---------- PROVIDED DATA
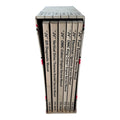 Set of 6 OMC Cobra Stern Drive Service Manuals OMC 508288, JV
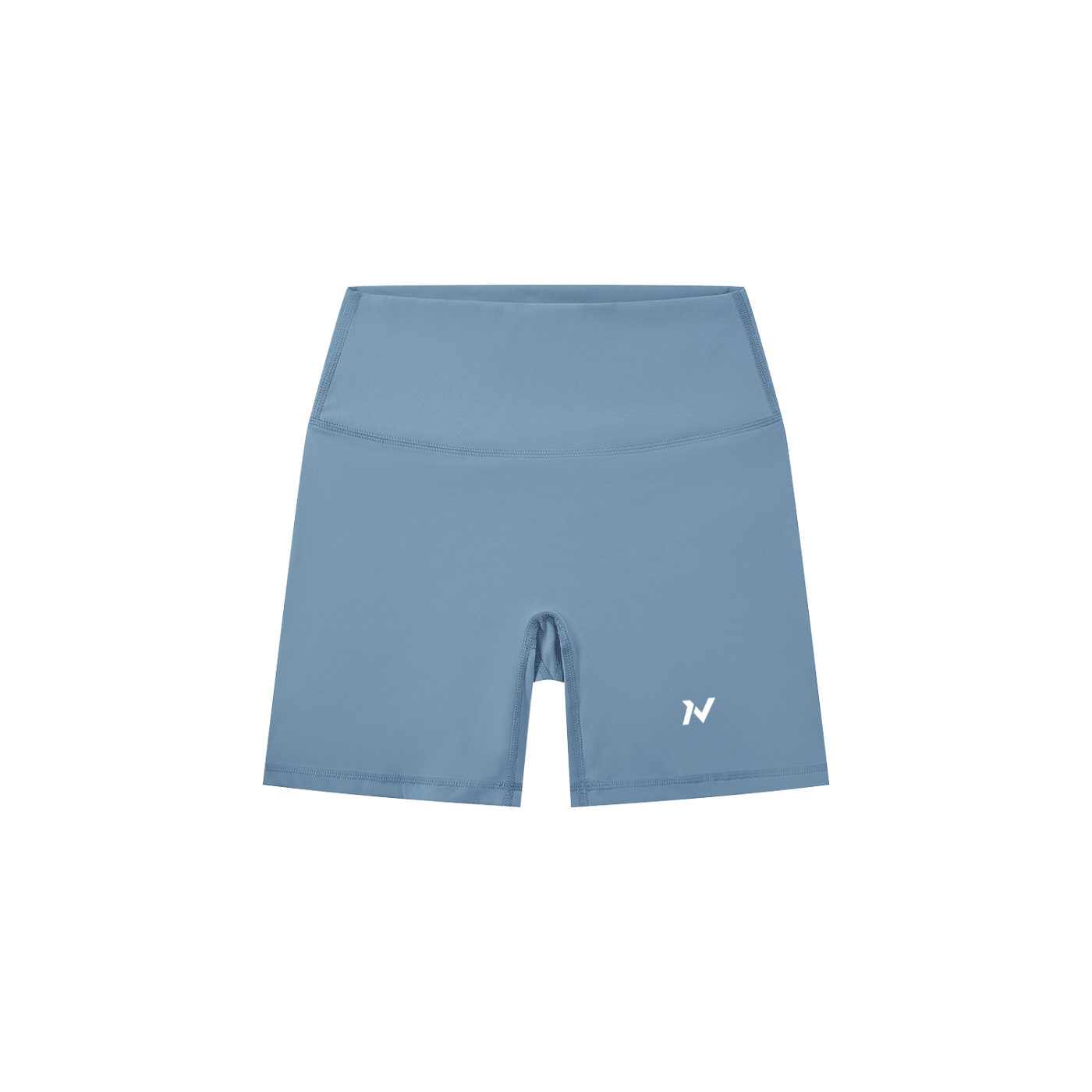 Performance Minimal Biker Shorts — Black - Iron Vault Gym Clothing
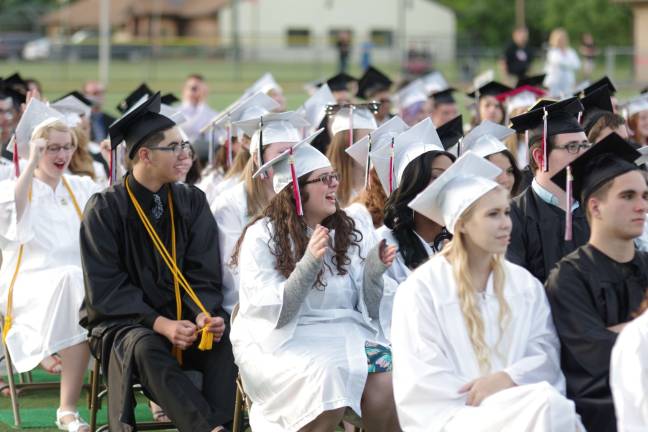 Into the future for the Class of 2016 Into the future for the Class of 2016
--------------------
* WHAT IS NEEDED *
Where the data includes pictures, leave them out and write out everything else exactly.

* RESPONSE TO THIS EXERCISE *
 Set of 6 OMC Cobra Stern Drive Service Manuals OMC 508288, JV
 Performance Minimal Biker Shorts — Black - Iron Vault Gym Clothing
 Into the future for the Class of 2016 Into the future for the Class of 2016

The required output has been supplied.